Сатана с помощью сообщников разыгрывает свою версию Страстей Христовых, однако любое обращение к Страстям, а тем более их изображение становится священным представлением, мистерией. Естественно, события в Ершалаиме как черная мистерия, разыгранная в лишенном реальных измерений пространстве, наделены особой магической силой, сообщающей заданность ряду событий в Москве. Якобы реальная, но мнимая казнь Иешуа (ведь он никогда не был, не жил!) в Ершалаиме перекликается с якобы мнимой (по словам Азазелло) и одновременно реальной смертью мастера в Москве. Театральное действо в Ершалаиме оборачивается жестокой реальностью в Москве, все события смешиваются, и вымысел становится неотличим от действительности, правда от лжи, добро от зла.
7. КРОВЬ И ВИНО. РОЗА
Кровь и вино в «Мастере и Маргарите» так же трудно отделимы друг от друга, как свет и тьма. В части I мы говорили о зловещей символике виноградной лозы в контексте романа. То же самое можно сказать и о дьявольском вине.
Чрезвычайно важно, что пролитая в Гефсимани кровь Иуды ассоциативно связывается с молением Христа о Чаше и возвращает нас к балу у Воланда. Маргарита испивает чашу, но ее убеждают, что в этот момент произошло превращение: кровь Иуды стала виноградной лозой, кровь Майгеля – вином.
В романе есть и обратное превращение: лужа вина у ног прокуратора воспринимается как лужа пролитой крови. Символически она напоминает о смерти Иешуа, хотя это обычная винная лужа, натекшая из разбитого кувшина.

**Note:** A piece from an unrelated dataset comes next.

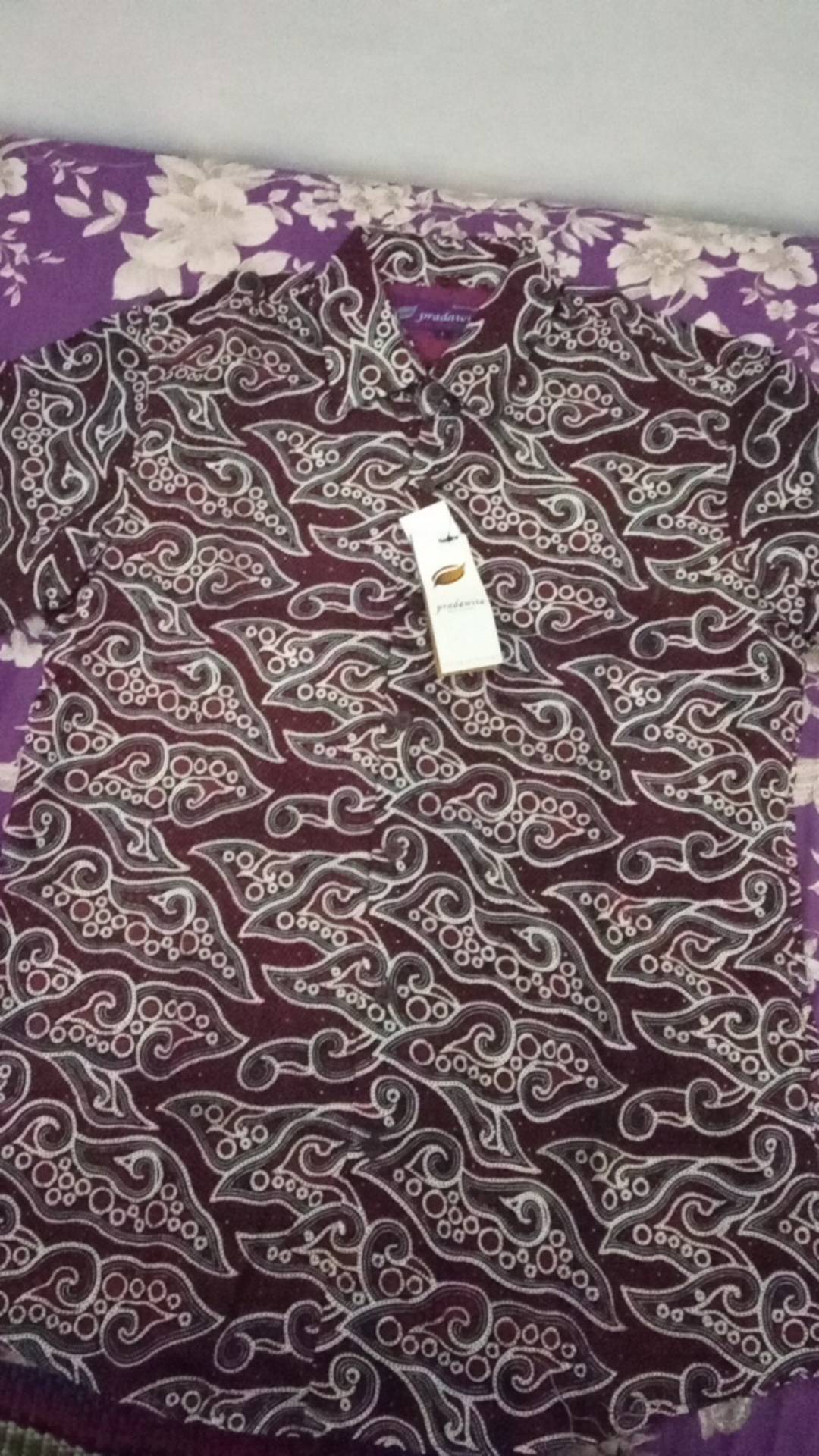Pradawita Batik Kemeja Slim Fit Aster 4b-merah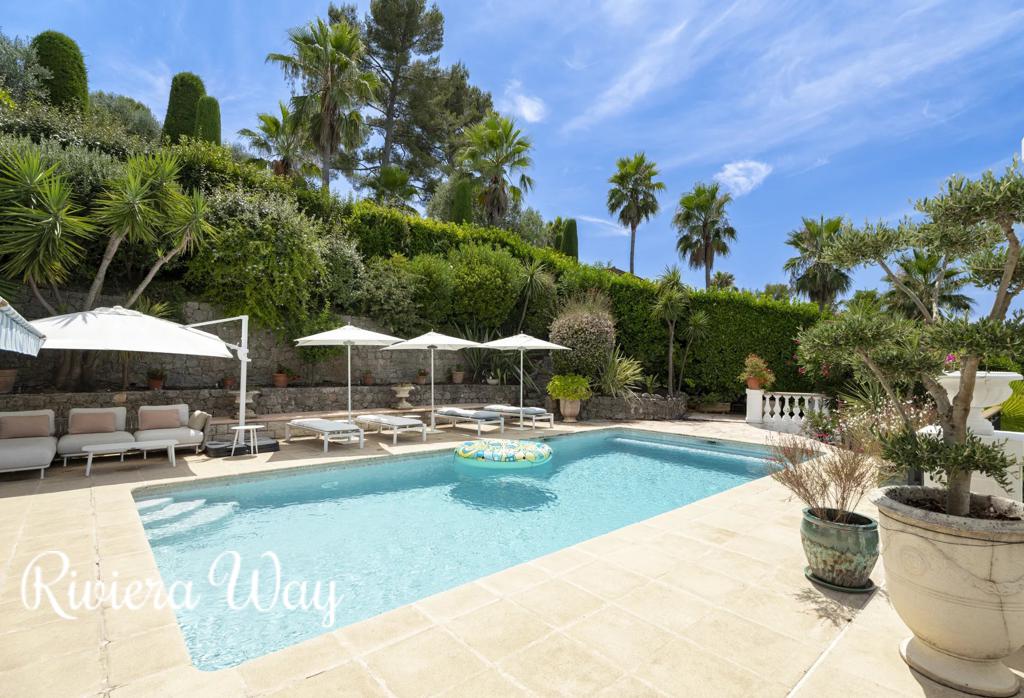 8 room villa in Mougins, photo #10, listing #104342238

Возникший перед мастером в скалах его герой оказывается перенесенным именно в тот момент своего ершалаимского существования, когда он ожидал во время грозы появления Афрания, ибо с приходом начальника тайной стражи «красная лужа была затерта, убраны черепки...» (с. 718). Но в потустороннем существовании Пилата к его ногам возвращаются и «черепки разбитого кувшина», и «невысыхающая черно-красная лужа». Есть и отличие: в Ершалаиме в винной луже утонули «две белые розы» (с. 716), в скалах о розах упоминания нет, и «черно-красная лужа» остается аллегорией, иллюстрацией вины Пилата.
Перед приходом Афрания Понтий Пилат пьет вино «долгими глотками» и его глаза воспалены «последними бессонницами и вином» (с. 716). Следует отметить, что последующие события успокоили прокуратора: убийство Иуды, погребение Иешуа, знакомство с Левием и встреча с Иешуа на лунной дороге освободили Пилата от тяжкой бессонницы, и читатель расстается с ним, когда «он спал и дышал беззвучно» (с. 746). Милосердно к нему и потустороннее существование: он спит и терзается бессонницей только в полнолуние, – в общем, не самое страшное наказание для трусливого и жестокого человека, пролившего невинную кровь, что еще раз иллюстрирует мысль о смерти как избавительнице, тем более что эта сравнительно мягкая кара сменяется исполнением всех желаний.